## GIVEN DATA
■ ■ ■ ■

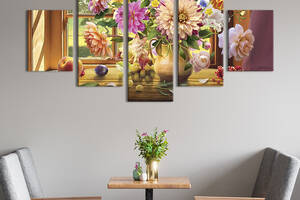 Картина на холсте KIL Art Прекрасный букет роз и георгин 187x94 см (825-52)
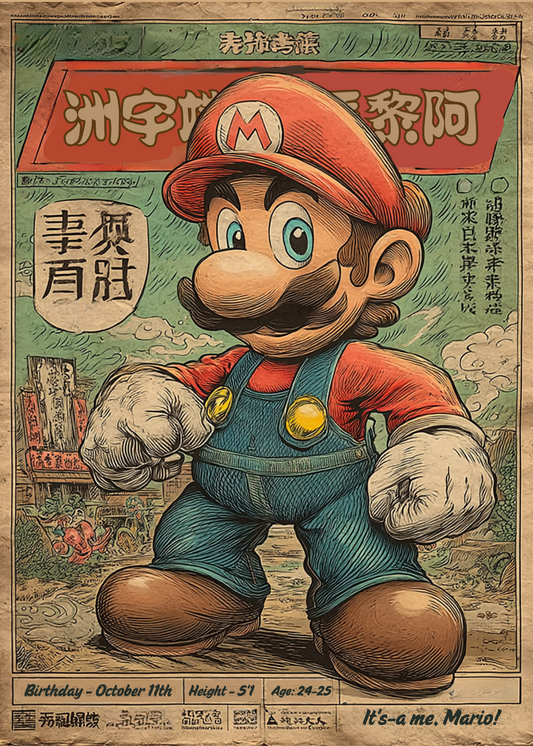 Super Mario, standing in a stylized urban setting.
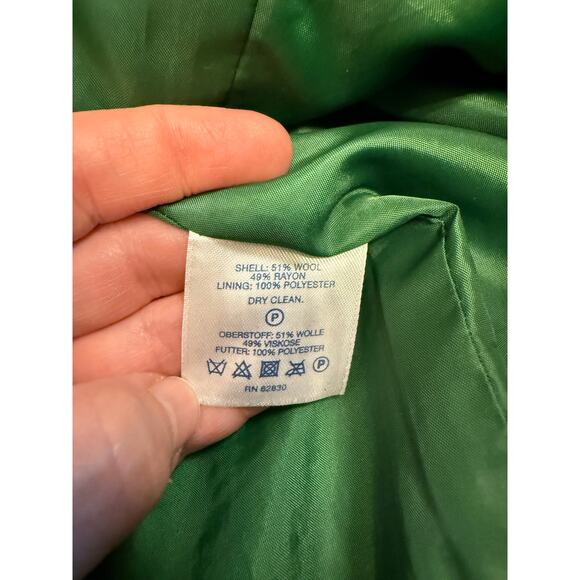 Lands’ End Women’s Wool Blend Jacket Green Full Zip Warm Outerwear Coat 14 READ - Picture 6 of 6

■ ■ ■ ■

## WHAT TO WORK ON
Give an exact copy of the data, and omit any pictures it holds.

## WRITTEN ANSWER
 Картина на холсте KIL Art Прекрасный букет роз и георгин 187x94 см (825-52)
 Super Mario, standing in a stylized urban setting.
 Lands’ End Women’s Wool Blend Jacket Green Full Zip Warm Outerwear Coat 14 READ - Picture 6 of 6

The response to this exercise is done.